[DATA RECORDS Boundary: Start]
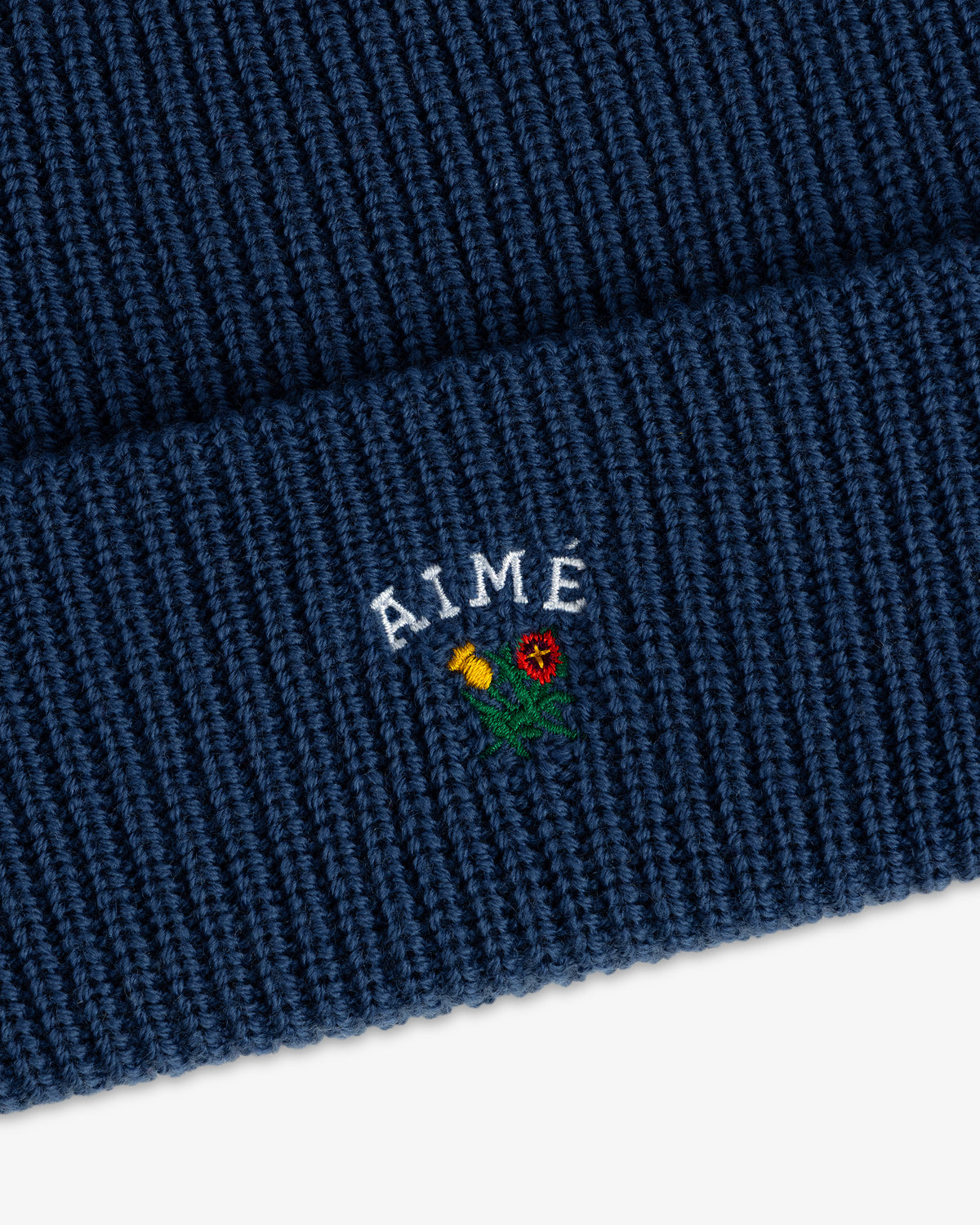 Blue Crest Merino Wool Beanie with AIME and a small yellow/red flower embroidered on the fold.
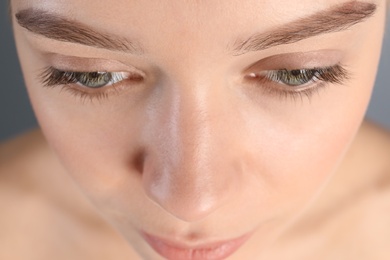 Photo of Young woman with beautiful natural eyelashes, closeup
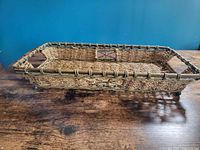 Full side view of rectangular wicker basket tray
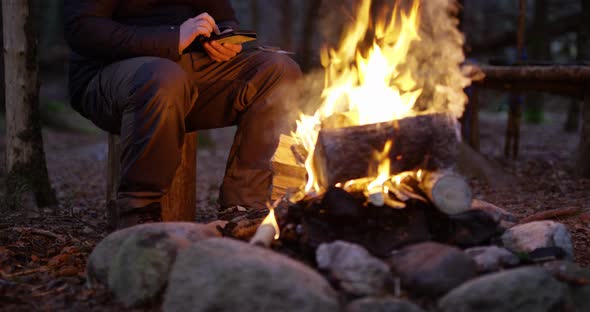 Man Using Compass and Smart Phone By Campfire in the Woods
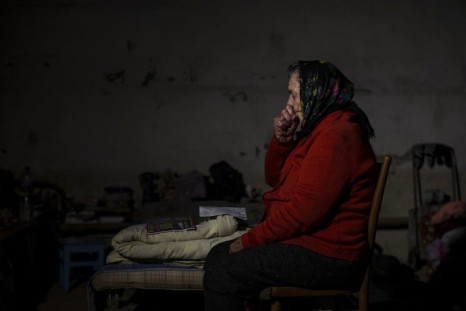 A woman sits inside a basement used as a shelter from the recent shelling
[DATA RECORDS Boundary: End]
[DATA RECORDS Boundary: Start]
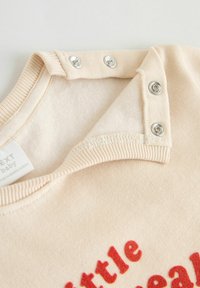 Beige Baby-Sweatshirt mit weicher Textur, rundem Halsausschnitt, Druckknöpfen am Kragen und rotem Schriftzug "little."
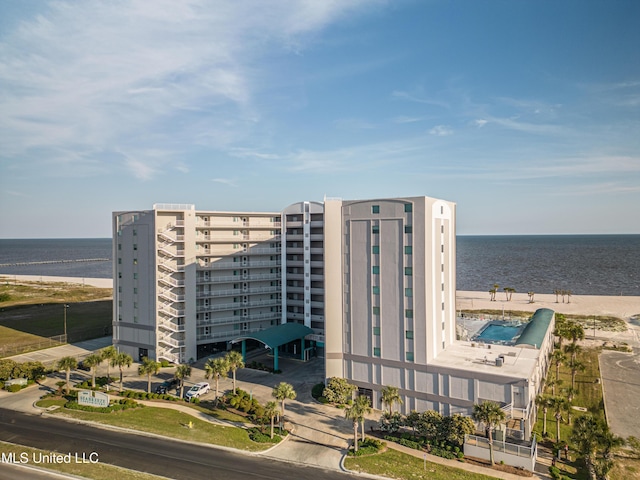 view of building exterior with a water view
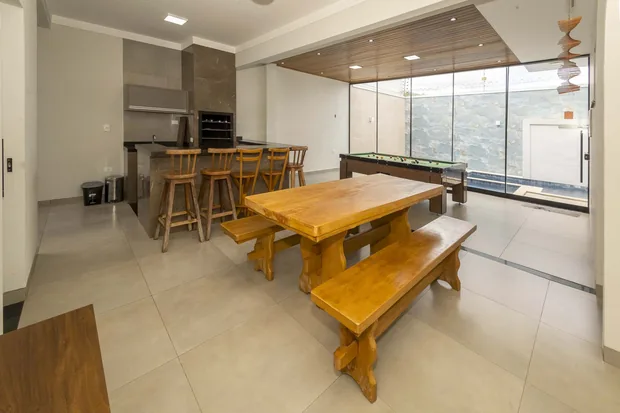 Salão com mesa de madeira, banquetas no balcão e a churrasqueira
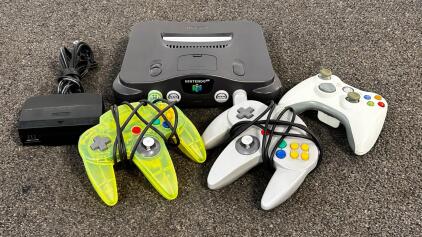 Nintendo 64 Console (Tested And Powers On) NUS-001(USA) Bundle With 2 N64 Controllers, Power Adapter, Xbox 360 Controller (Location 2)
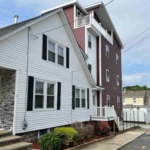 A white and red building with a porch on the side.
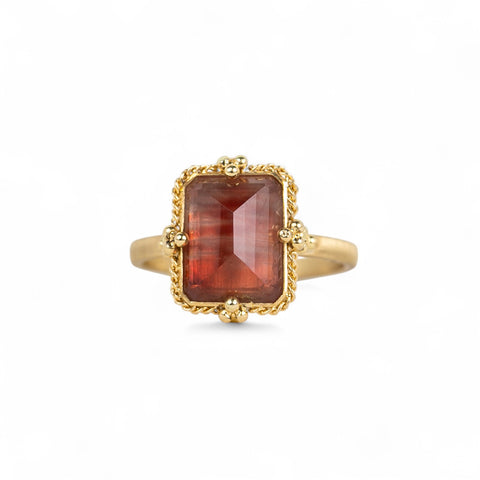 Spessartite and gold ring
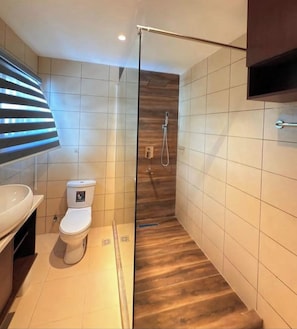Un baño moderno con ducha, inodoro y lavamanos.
[DATA RECORDS Boundary: End]
Set down, exactly as written above, each line from the one with "view of building exterior with a water view" through the one with "Un baño moderno", and skip the pictures.

# [TASK OUTPUT]
 view of building exterior with a water view
 Salão com mesa de madeira, banquetas no balcão e a churrasqueira
 Nintendo 64 Console (Tested And Powers On) NUS-001(USA) Bundle With 2 N64 Controllers, Power Adapter, Xbox 360 Controller (Location 2)
 A white and red building with a porch on the side.
 Spessartite and gold ring
Un baño moderno con ducha, inodoro y lavamanos.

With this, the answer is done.